Cada vez que sufría una caída involuntaria en el acarreo aprovechaba el instante para admirar la maravillosa sinfonía de colores.
Tras el enorme gasto de energía se hizo notoria una gran relajación. El camino al campamento parecía interminable. Los diferentes neveros eran desiguales de forma que cruzarlos era una tortura. Con preocupación pensé en mi compañero que ahora debía descender sin bastones, miraba a menudo buscándolo sin ver nada de él en la oscuridad que ya comenzaba.
Tras tres tortuosas horas llegué agotado al campamento donde Schneider tenía un resto de algo líquido-comestible que me tomé para luego meterme rápidamente en la carpa que se había vuelto a levantar.
Una hora más tarde llegó el Dr.

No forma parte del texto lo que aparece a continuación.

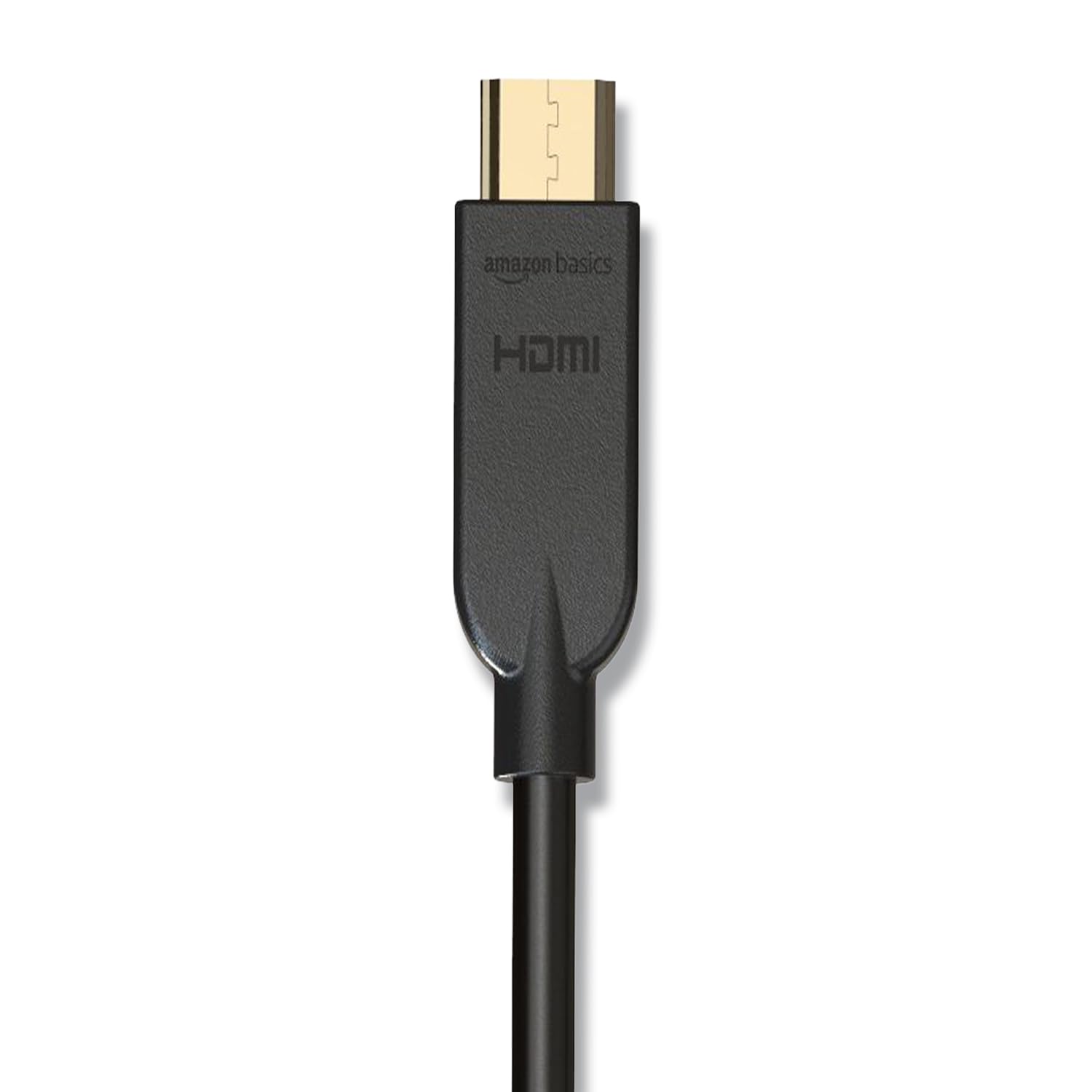 Amazon Basics High Speed HDMI Cable (Gold-plated, A Male to A Male) - Supports 4K @60Hz and Audio Return, (Laptop, Tablet, Mp3, Gaming Device, Black) 10 Feet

Borchers, un gran alivio para nosotros puesto que no creíamos que él, sin piolet, pudiera llegar tan rápido al campamento.
Casi no dormí esa noche, pues me faltó calor. Allá arriba tenía hambre, lo que aumentaba la sensación de frío. Los otros dos compañeros estaban en una situación similar.
Debido a que se cocinó en exceso en el primer campamento de altura, el alcohol seco casi se había acabado de forma que a la mañana siguiente no alcanzaba para una bebida caliente. Nos tragamos un resto de pan, comimos una mezcla de hielo y espantosa mermelada de frutilla, lo último que quedaba de provisiones. Mi estómago aceptó finalmente la comida debido a la falta de algo mejor; muy bien no me fue con eso.
En unas tres horas descendimos cómodamente hasta el campamento base, donde ambos porteadores nos salieron al encuentro y nosotros descansamos extensamente para recuperarnos de los esfuerzos.
El tiempo, que hasta acá había sido bueno, comenzó a cambiar. Los porteadores contaron que en la tarde anterior cayó nieve. Nos metimos a la carpa y esperamos a los animales que llegaron en la tarde. Durante toda la noche cayó nieve suavemente, lo que le dio a nuestro entorno un aire invernal.
A la mañana siguiente del 6 de noviembre salimos a caballo a las 9:30 para tras una cabalgata sin pausas llegar a Puente del Inca a las 5:00.
A continuación, nadie nos creía que hubiésemos estado en la cumbre del Aconcagua. Finalmente, el primero que nos felicitó fue el teniente de Carabineros argentino Pujato quien en diciembre de 1929 había participado de un intento de ascenso, pero que debido a una tormenta de nieve sólo había alcanzado los 6700 m y se había congelado un pie y un dedo de la mano.
Ahora éramos nosotros los héroes del día y nos veíamos, de forma más que agradable, molestados por numerosos reporteros que habían venido con ocasión de un banquete en Puente del Inca.
Luego llegó la hora de la despedida. Los señores Dr. Borchers y Schneider viajaron, invitados por ingleses, en auto a Mendoza, mientras que Hein y yo tomamos, al día siguiente, el viejo y conocido camino por el Cristo y luego con los esquíes bajamos a Portillo.
Muertos de cansancio llegamos en la tarde a caballo a Río Blanco desde donde, al día siguiente, en auto partimos a Los Andes y desde acá seguimos en tren a Santiago.